When I started my first job out of college and found myself working 60 hours a week, stressed out of my mind and wondering, dear god, how can I ever do this if I have kids (?!), one of my mentors called me out for being overly dramatic. (Who, me?)
She brushed aside my expectation that children would make life more complicated. In fact, she said that she often encouraged her managers, especially the high-strung ones, to jump in and have kids whenever they started talking about it.
Very forward thinking and family friendly, no? Her reasoning, however, was less than altruistic.
“Once people have kids,” she said, “they just don’t care as much about work.” OK, I can go with that. “And that makes them better at their job.” Huh?

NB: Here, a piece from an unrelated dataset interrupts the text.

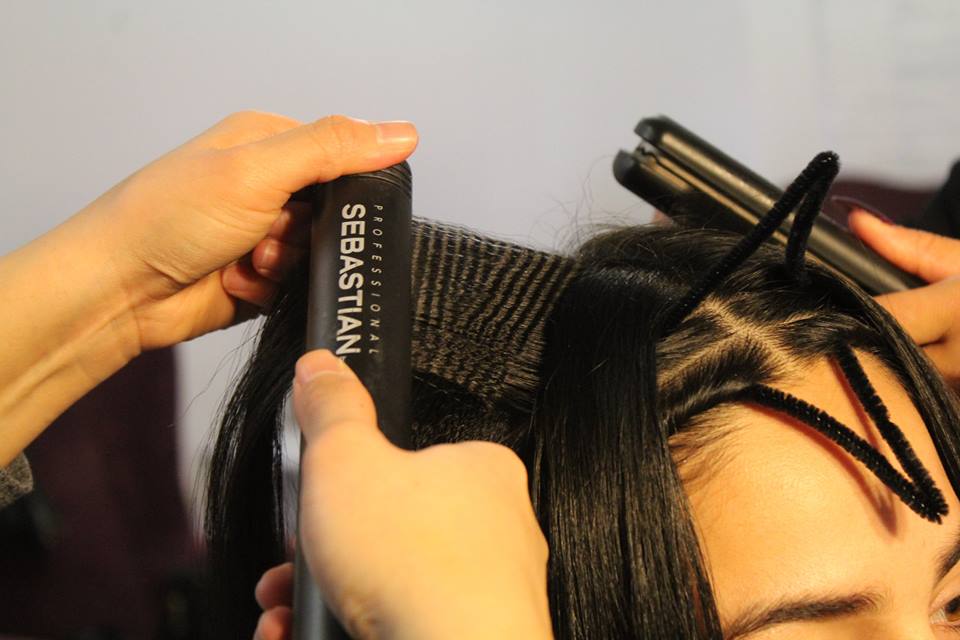 SalonEM_boston's tweet image. #TBT Sr. Designer @snowkee’s working on her @SebastianWNA entry using pipe cleaners to construct her look. Stay tuned for the final style!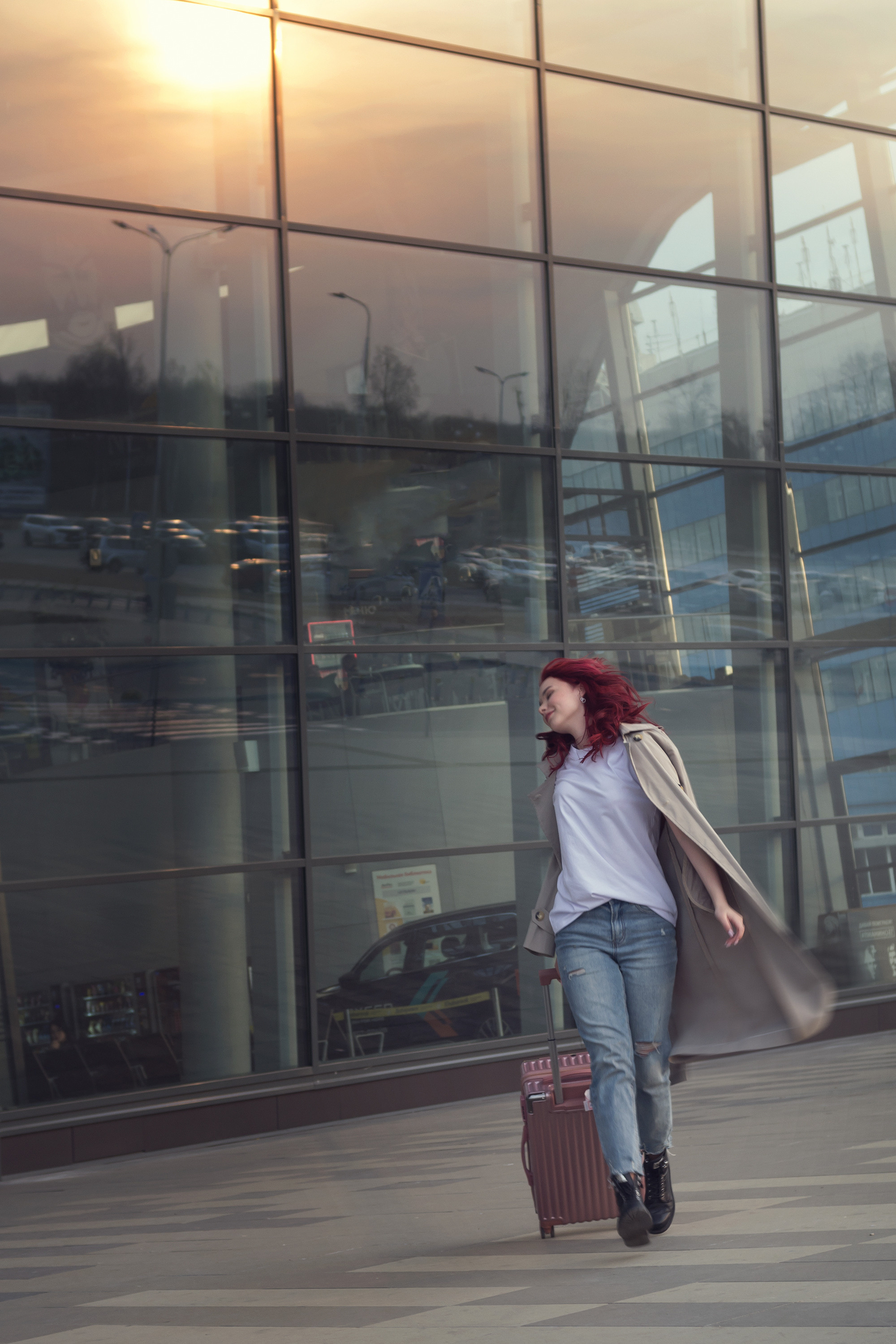 Девушка с чемоданом на фоне аэропорта. В стеклянной стене отражается закат. Одежда кэжуал, джинсы и тренч.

If you’re like I was—sans kids and darkly eyeing the coworkers who leave the office promptly at 5 p.m. every day, you’re thinking right about now, “Gee, that sounds like the biggest load of motherhood-is-great, join-the-darkside bullshit I’ve ever heard.” Stick with me though.
She went on to explain that rather than being scattered and stressed, the parents she saw in the workplace were more likely to be focused and efficient. They were more realistic about their expectations and abilities than their child-free counterparts, which helped them to maintain a competitive edge even though they required more flexibility in their schedules.
Some of you tech-savvy moms and managers out there are probably among the lucky ones who’ve experienced this side-effect. You know firsthand what much of the prevailing research on work-life management supports—that joining the parenting ranks doesn’t have to spell career suicide and can even improve your productivity (provided your employer adopts the progressive policies to support you). I have to admit that over the last several years of my own career I’ve observed the latter in several of my peers and been amazed by it each time.
So does that mean we should all go and pop out a couple of kids just to jump the career ladder? Of course not. Most working moms still face a ton of discrimination on the job (which I’ll talk about another time). But it does give a girl hope that if on the off chance she does decide to have some rugrats down the road, she doesn’t have to lose her edge.